The evolution of select-service and extended-stay hotels has driven the sector’s investment appeal to new heights.
In the early 2000s, select-service and extended-stay hotels operated as more clearly defined sectors, differentiated by their target market and length of stays. During this period, individual owners dominated the market with only a handful of prominent brands available. However, in recent years, the distinctions between select-service and extended-stay hotels have become increasingly blurred. Select-service hotels now incorporate extended-stay amenities including in-room kitchenettes and flexible workspaces, while extended-stay hotels have added business centers with more of its brands incorporating 24/7 self-service marketplaces as seen in Everhome Suites.
Today, the select-service and extended-stay hotel sectors have converged into one, boasting more than 200 brands (existing and in the pipeline) and gaining notable market share by expanding into primary, urban, and resort locations. As a result of this evolution and growth, investor interest has accelerated to its highest level ever.
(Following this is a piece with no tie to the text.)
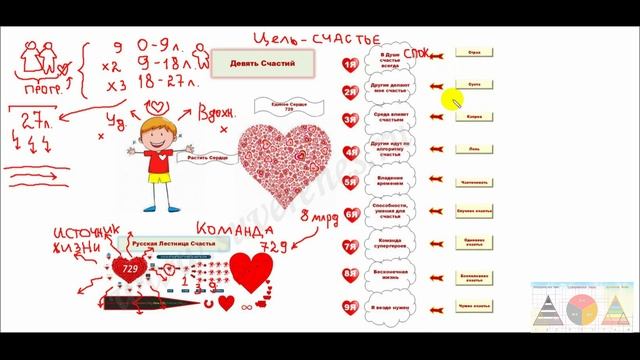 Девять Счастий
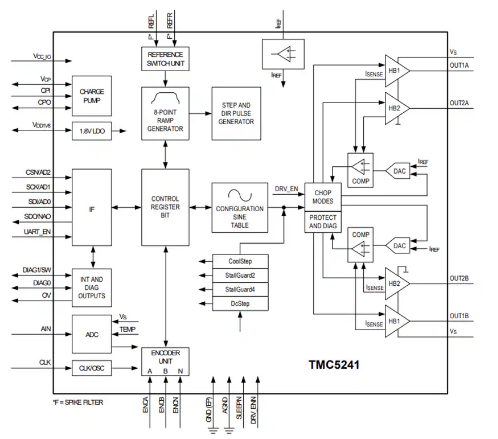 Figura 1 – Diagrama de blocos do TMC5241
In the period between 2020 and Q3 2023, the number of first-time buyers* of select-service and extended-stay hotels hit a record-high at 855 total.
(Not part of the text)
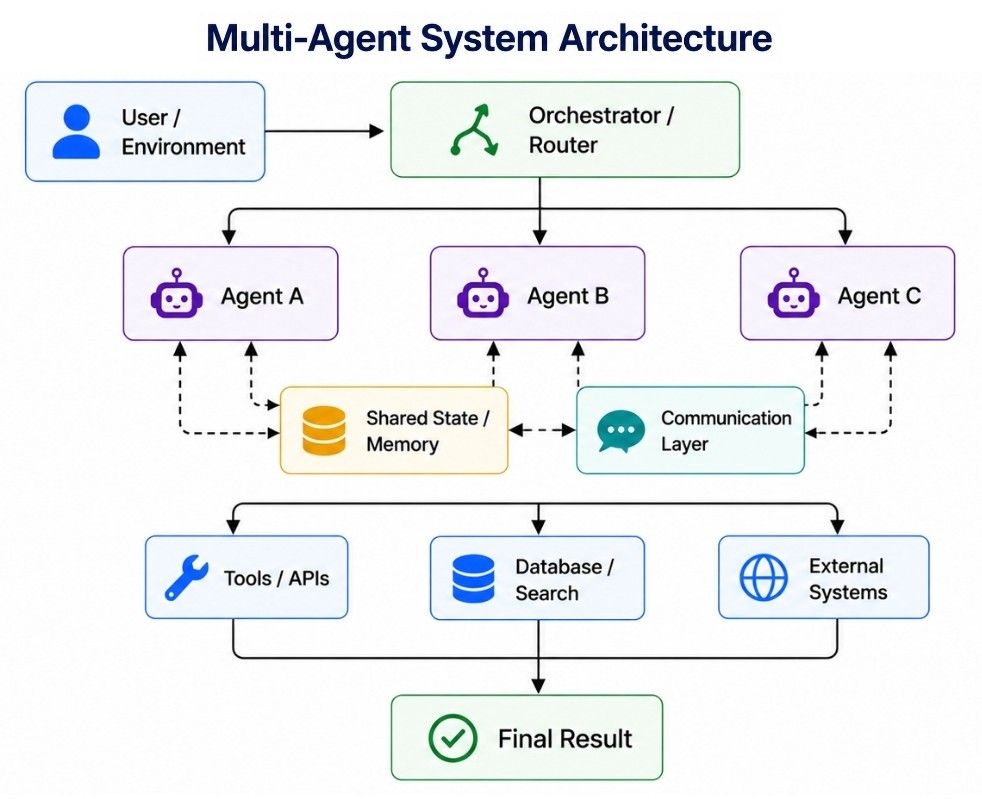 Multi-Agent System Architecture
This is more than three times the number of first-time buyers recorded between 2008 and 2011. With the average yield for the combined select-service and extended-stay sector achieving a 10-year high through the first nine months of 2023 and average deal size at a record low of $16 million, expect even more opportunity for investors over the long-term.
- Evolution of a growing consumer demand base underpins an optimistic long-term outlook.
- A larger share of consumers is being captured in primary markets, signaled by supply shift.
- Select-service and extended-stay hotels comprise an increasing portion of total U.S. hotel liquidity driven by rising yields and robust operating performance.
- Select-service and extended-stay hotels have generally been more attractive for lenders underpinned by lower cheque sizes and durable profit margins.